Beat the constant baseline

Starter

Prompt

Build a model that predicts an NFL WR’s next-week receiving yards from their last-week receiving yards and last-week targets (2021-2024, regular season, WRs only, only weeks 2-18 since they need a prior week).

Compare a DummyRegressor(strategy='mean') baseline to a LinearRegression. Use 5-fold cross-validation. Report mean R² ± std for both. Comment on whether the linear model adds real signal.

Expected output

Constant     R² = 0.000 ± 0.001
Linear       R² = 0.0XX ± 0.0XX

Plus a short interpretation (the gap is small in absolute terms; that’s expected for a noisy outcome).

Hint

The SQL is the hard part — you need LAG window functions to pull last-week stats. The model itself is two cross_val_score calls.

Solution

import pandas as pd
from sklearn.dummy import DummyRegressor
from sklearn.linear_model import LinearRegression
from sklearn.model_selection import cross_val_score
from sqlalchemy import create_engine

eng = create_engine("postgresql+psycopg://onepride:lions@localhost:5432/onepride")

df = pd.read_sql(
    """
    SELECT
        player_display_name, recent_team, season, week, receiving_yards,
        LAG(receiving_yards) OVER w AS prev_yards,
        LAG(targets)         OVER w AS prev_targets
    FROM weekly_stats
    WHERE season BETWEEN 2021 AND 2024
      AND season_type = 'REG'
      AND position_group = 'WR'
      AND targets > 0
    WINDOW w AS (PARTITION BY player_display_name, season ORDER BY week)
    """,
    eng,
)
df = df.dropna(subset=['prev_yards', 'prev_targets'])

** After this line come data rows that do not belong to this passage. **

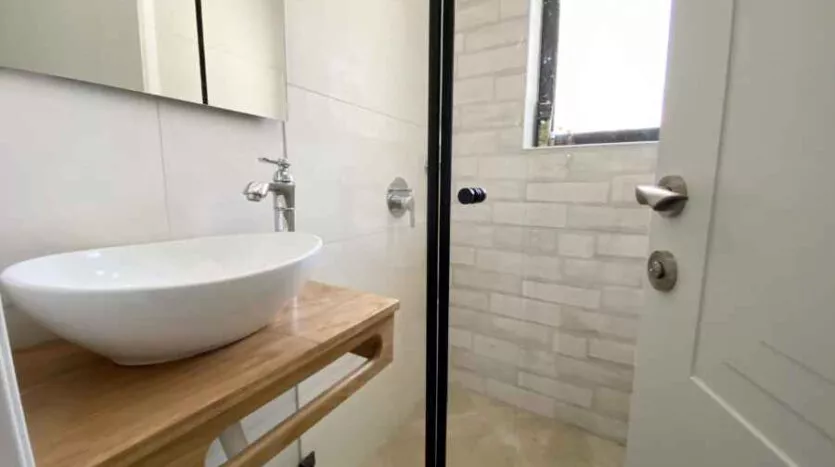 Musrara - 4 Rooms garden apartment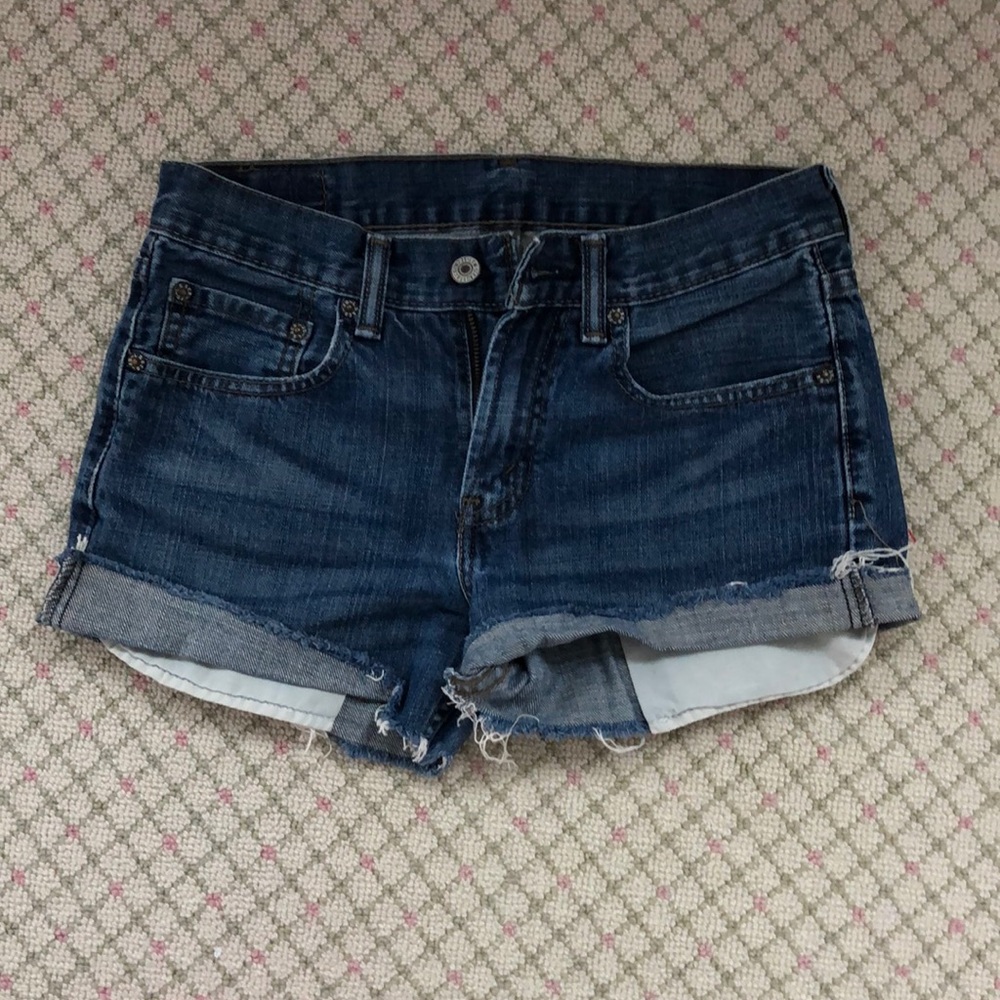 Women’s Levi shorts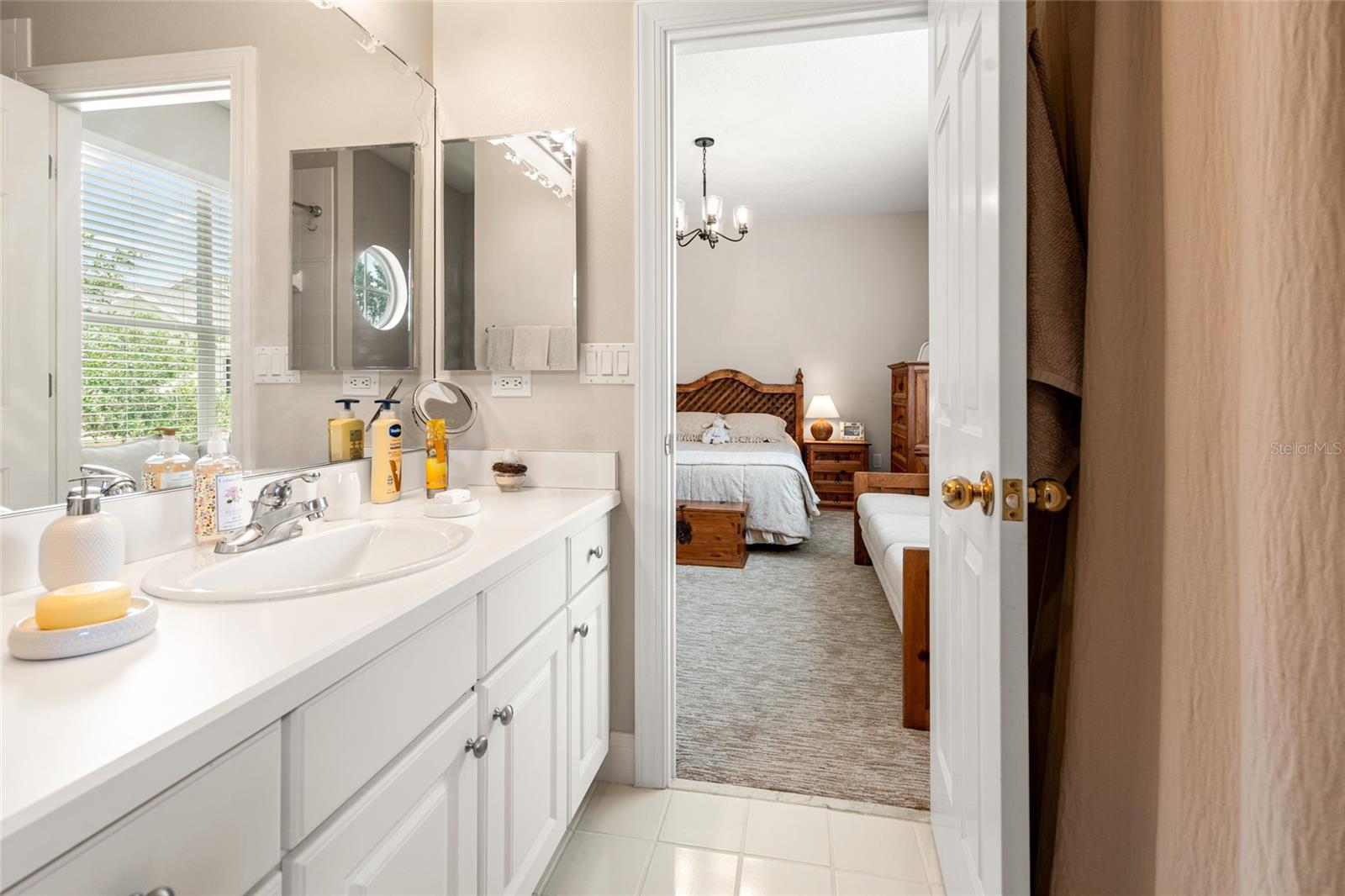 3519 HEARDS FERRY DR, TAMPA, FL, 33618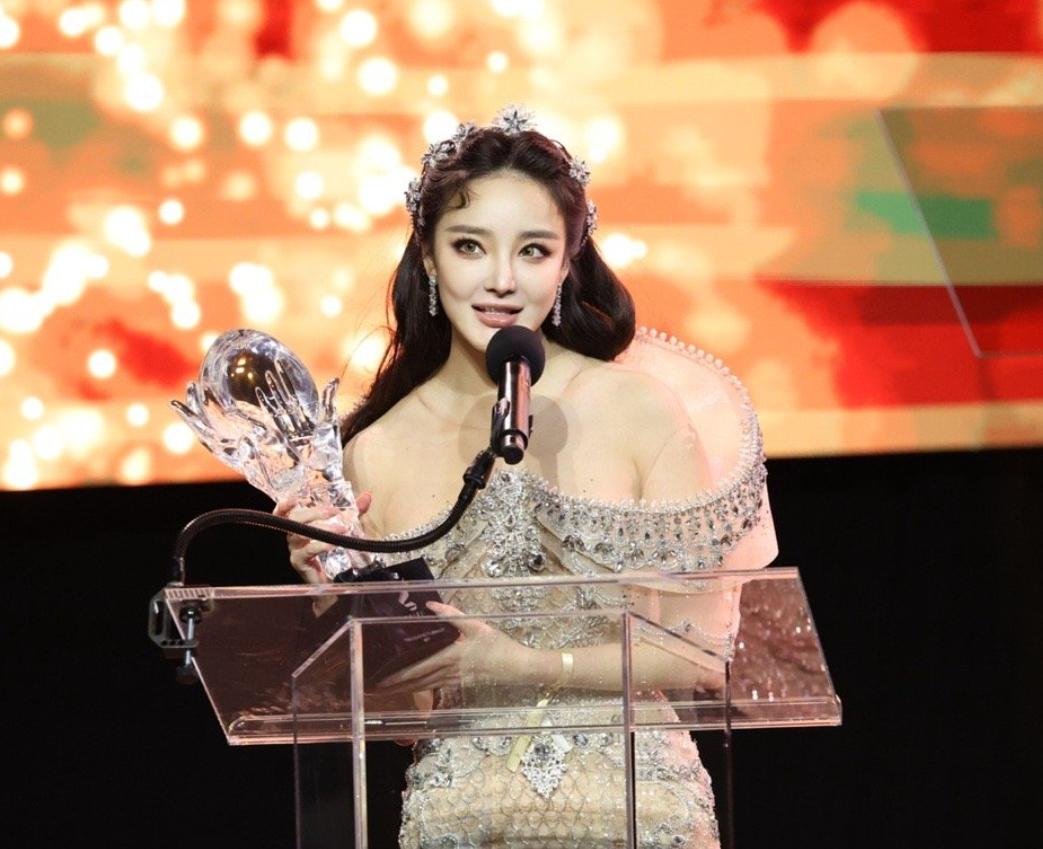 女星刘雨欣惨遭盗窃!保险柜被炸损失千万财物,直言晚上不敢睡觉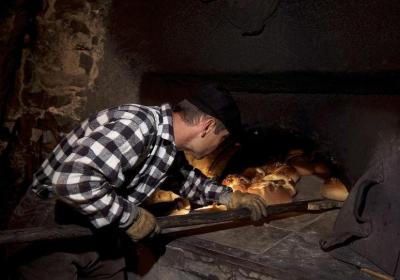 Des mets et des mots, Quizz gourmand - visite guidée_Plagne-Montalbert - Four à pain communal - Longefoy s/ Aime Des mets et des mots, Quizz gourmand - visite guidée_Plagne-Montalbert - Four à pain communal - Longefoy s/ Aime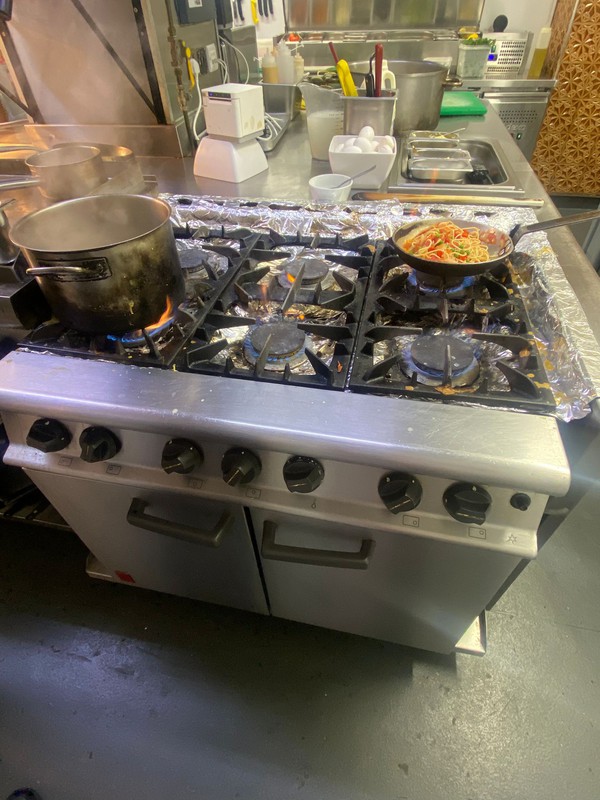 Six burner gas cooker for sale - London Six burner gas cooker for sale - London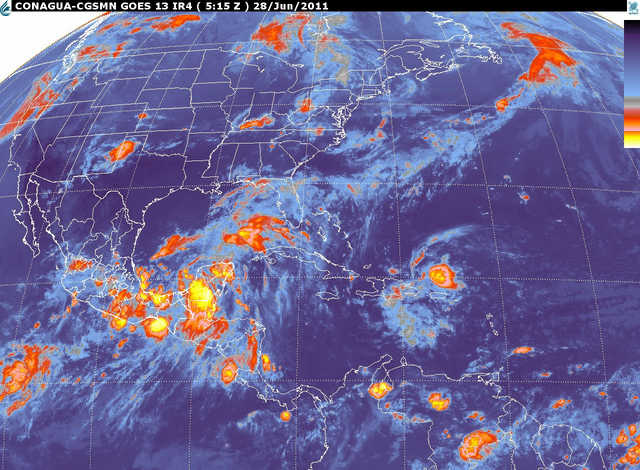 Afecta onda tropical 4 y centro de baja presión al Sureste del país y Yucatán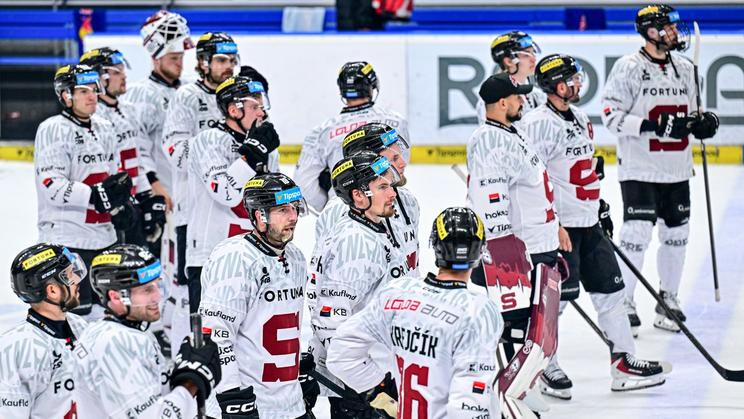 Hokejisté Sparty po porážce v Hradci Králové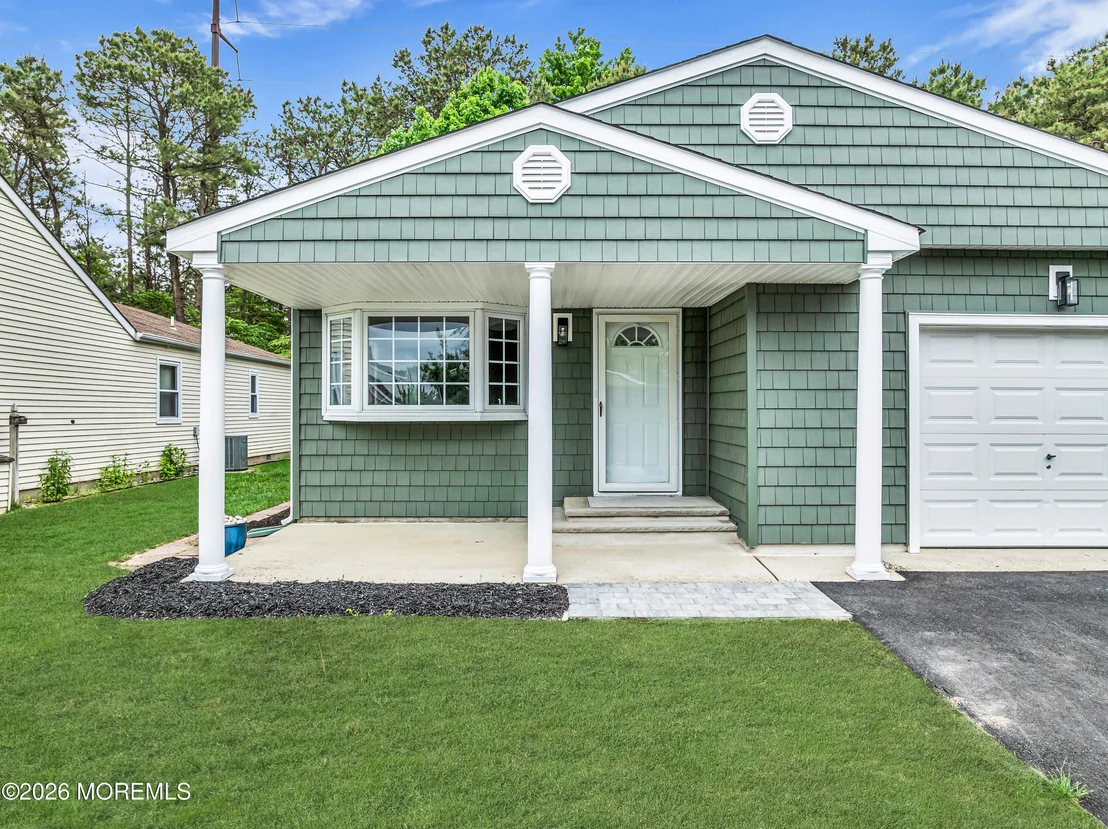 Photo of 134 Pulaski Boulevard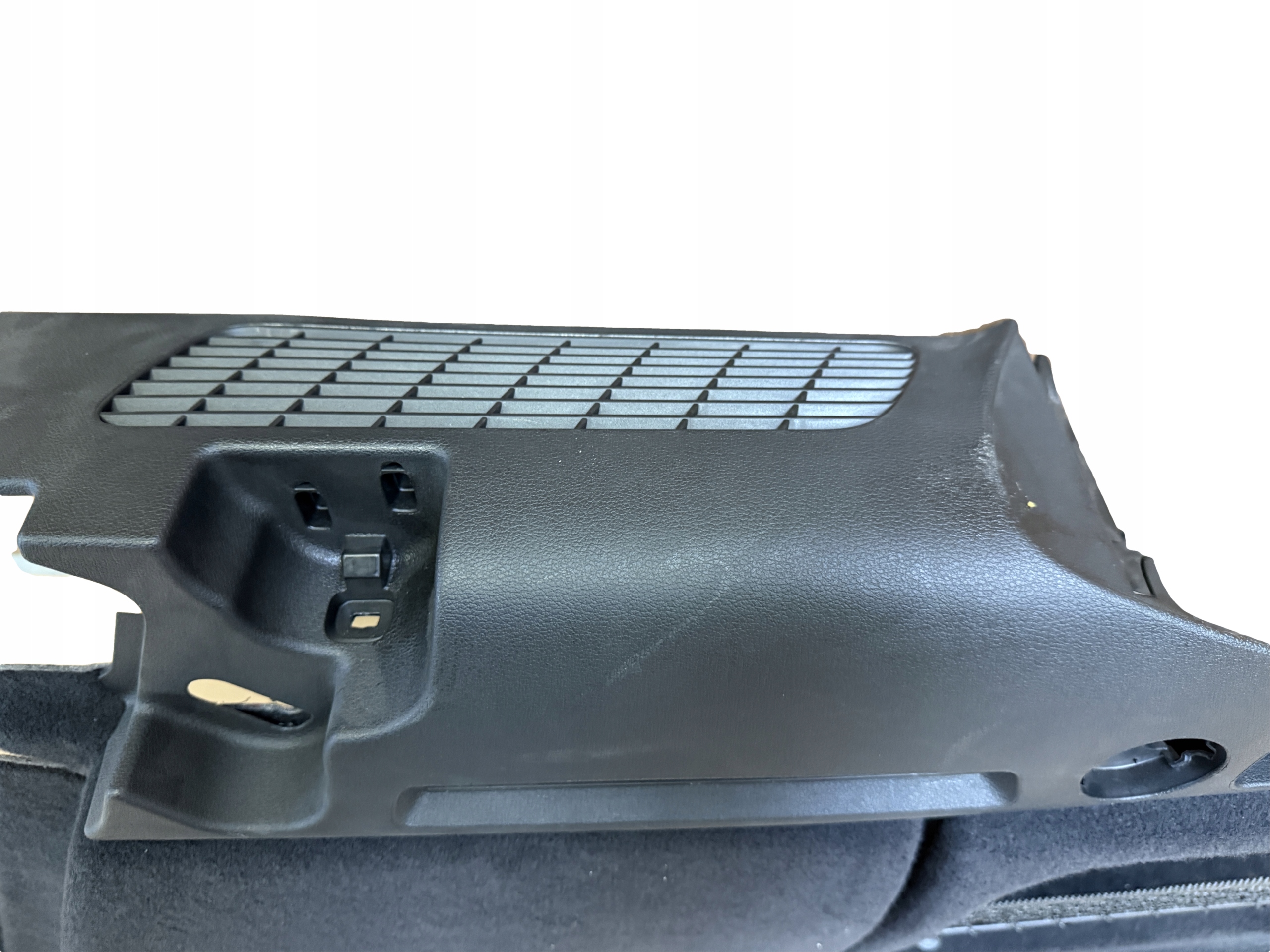 AUDI A4 8W B9 KOMBI boot upholstery right 8W9863880A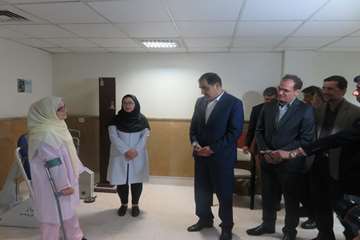 عیادت وزیر بهداشت از دختر فداکار سرپل ذهابی در بیمارستان رفیده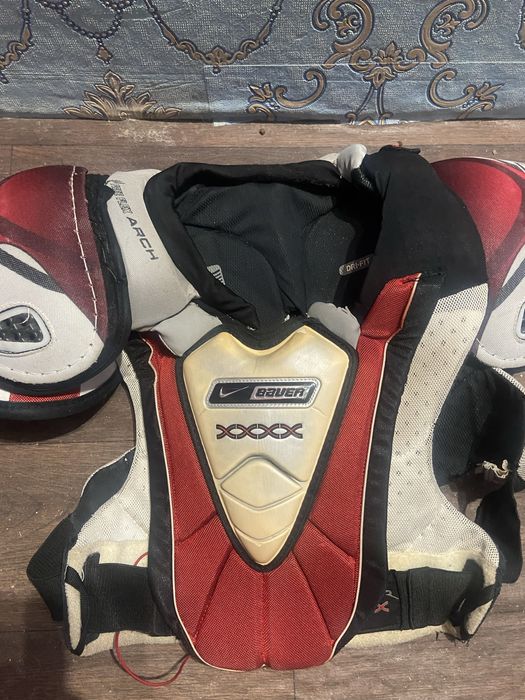 Нагрудник хокейний Bauer Vapor XXXX, розмір L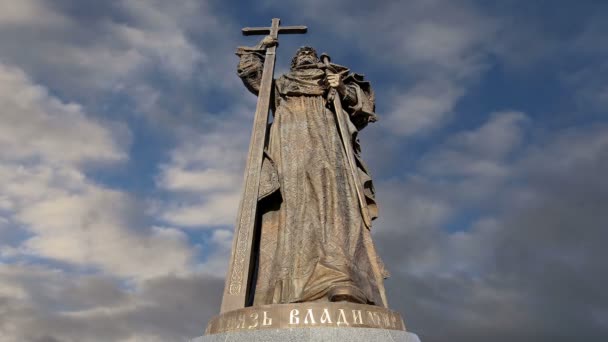 Monumento al Santo Principe Vladimir il Grande in Piazza Borovitskaya a Mosca vicino al Cremlino, Russia. La cerimonia di apertura si è svolta il 4 novembre 2016 — Video Stock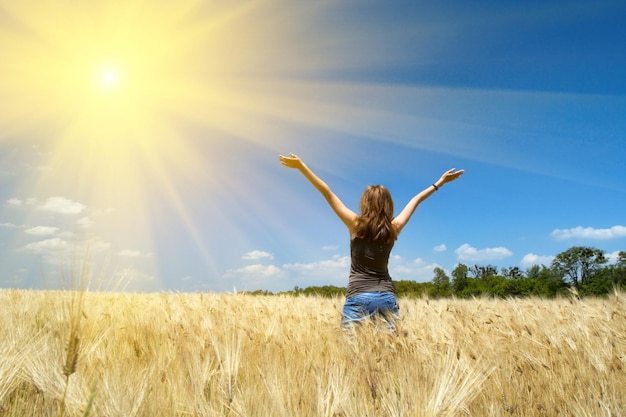 Fille sur un champ de blé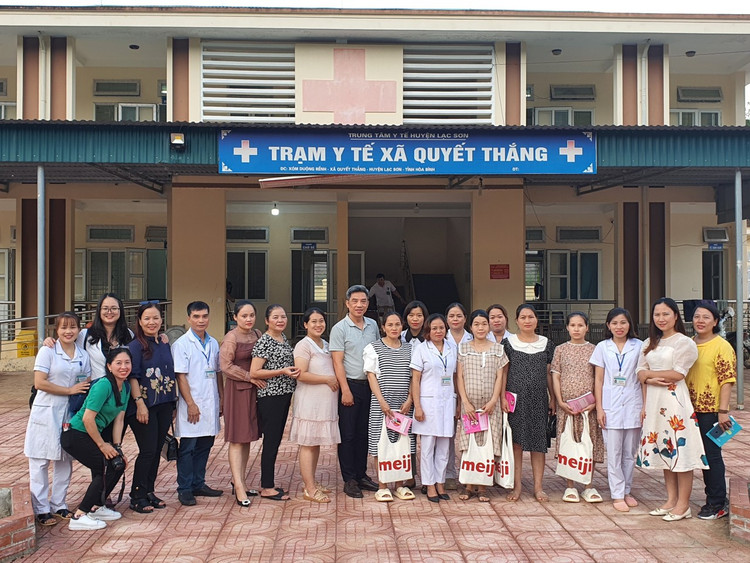 Đoàn công tác chụp ảnh lưu niện với cán bộ y tế xã và bà mẹ mang thai Đoàn công tác chụp ảnh lưu niện với cán bộ y tế xã và bà mẹ mang thai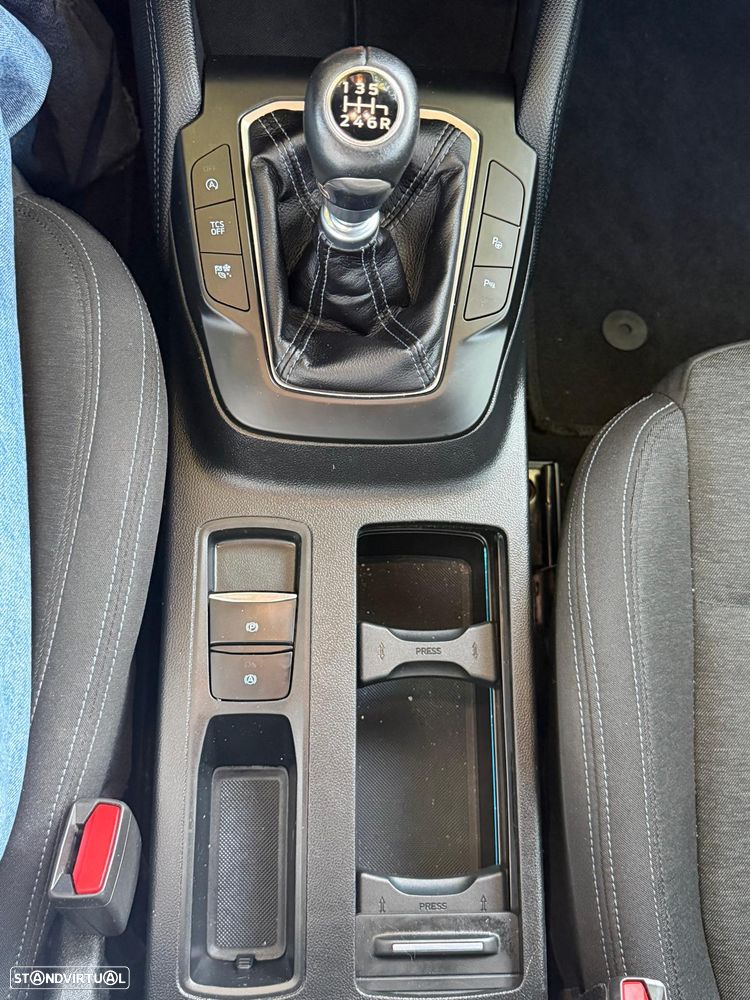 Ford Focus 1.0 EcoBoost S&S ACTIVE - 11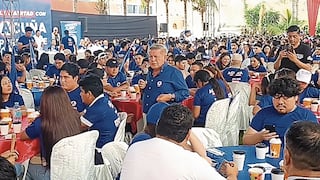 Trujillo: En desayuno, César Acuña pide a dos mil jóvenes le consigan cien mil votos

X = df[['prev_yards', 'prev_targets']]
y = df['receiving_yards']

for name, model in [
    ('Constant', DummyRegressor(strategy='mean')),
    ('Linear',   LinearRegression()),
]:
    scores = cross_val_score(model, X, y, cv=5, scoring='r2')
    print(f"{name:10s}  R² = {scores.mean():.3f} ± {scores.std():.3f}")

Expect R² in the 0.05-0.15 range for Linear. That’s real in the sense that it beats the baseline, but the absolute number is low because week-over-week receiving is largely noise. The model is finding the small amount of week-over-week signal that does exist.